Researchers identify novel diagnostic method to detect small lung nodules
Key Takeaways
Researchers from China have successfully utilized a mixture of tissue adhesive and iohexol to localize small and impalpable pulmonary lesions and nodules under CT guidance—a novel approach highlighted in a clinical study published in Thoracic Cancer.
“Small pulmonary nodule detection during video-assisted thoracoscopic surgery (VATS) or thoracotomy is frequently challenging; however, accurate and efficient localization of nodules is critical for precise resection,” the authors wrote. “[W]e introduce and evaluate the feasibility and safety of a novel technique for preoperative pulmonary nodule localization.”
The researchers identified 140 patients, with a total of 153 pulmonary nodules measuring less than 2 cm in diameter, for the study. They injected the mixture of tissue adhesive and iohexol to localize each nodule via preoperative CT guidance. They assessed patient/nodule characteristics, surgical data, localization data, complications, and pathological results.
Using the novel technique, the team identified all nodules preoperatively, with a mean nodule size of 8.7 ± 2.6 mm and a mean distance from nodule to pleura of 7.9 ± 8.2 mm. It took an average of 8.7 ± 1.0 minutes to visualize the nodules. In total, 6.4% of patients underwent two simultaneous nodule localizations and 1.4% underwent three simultaneous nodule localizations. Major complications included pneumothorax in 12.1% of patients, pain in 4.3% of patients, and malodor in 3.6% of patients. Notably, neither embolism nor allergic reactions occurred.

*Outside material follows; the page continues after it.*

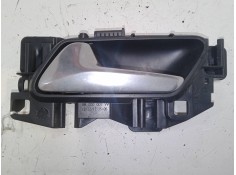 Recambio de maneta interior puerta delantera izquierda para peugeot 308 ii (lb_, lp_, lw_, lh_, l3_) 1.2 thp 110 referencia OEM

The wide dissemination of low-dose CT to screen for lung cancer has resulted in an explosion in the detection of indeterminate, small pulmonary nodules (SPNs). Although CT can provide detailed features of the lesions, patients are often referred to a thoracic surgeon for surgical resection.
VATS is considered the gold standard to diagnose and treat pulmonary SPNs, according to the authors. Unlike open-thoracotomy procedures, the minimally invasive nature of VATS is advantageous in decreasing postoperative pain and recovery time, as well as enhancing aesthetics. Importantly, VATS permits surgeons to biopsy, as well as definitively treat early-stage lung cancer. VATS is key in managing patients with peripheral and possibly malignant SPNs. On a related note, minimally invasive surgical methods such as the Da Vinci robotic surgery are common alternatives for biopsy and resection of pulmonary lesions.
“It is still challenging for surgeons to identify nodules by palpation or inspection during thoracotomy, especially when nodules are too small or lack sufficient consistency (eg, ground-glass opacities [GGOs]),” the authors wrote. “Using VATS for SPNs may also be challenging if the nodule is not easily accessible, or if it is located a certain distance from the pleural surface.”
Findings from previous research have indicated that lesions with nodule sizes <10–15 mm, and with a nodule-to-pleura distance of >10 mm, were undetectable on VATS. Ultimately, palpation of pulmonary nodules via a VATS access incision is challenging—particularly when the nodule is small and deep within the lung parenchyma, thus requiring preoperative localization.
Hook-wire placement, microcoils, and methylene blue injection have all been used in clinical practice to mark lesions preoperatively—these techniques require the percutaneous placement of localizing material (eg, hook-wire) or the injection of marking substances (eg, methylene blue). Although these approaches are satisfactory, they pose the risk of migration or spillage of the material utilized between the radiological intervention and surgery, ideally conducted rapidly and in sequence. Moreover, percutaneous nodule marking can lead to complications akin to image-guided lung biopsies, such as pneumothorax and bleeding, as well as air embolism.
The current technique of using an injected mixture of tissue adhesive and iohexol as a localization marker demonstrated certain advantages, according to the authors. First, the adhesive is composed of monomeric n-butyl-2-cyanoacrylate, which polymerizes quickly when in contact with tissue fluid, thus forming a tough artificial nodule that is easily identified by inspection or palpation. Second, the adhesive is nontoxic.
Further, the tissue adhesive solidifies rapidly when in contact with tissue fluid, thus decreasing the risk of pneumothorax and embolism. Third, the iodine-contrast medium iohexol permits artificial nodules to be better-visualized on CT, and accentuates spatial relationships between the artificial and pulmonary nodule, thus allowing surgeons to optimize resection range during surgery.
“Our study demonstrates that this novel method is safe and straightforward to implement,” the authors concluded.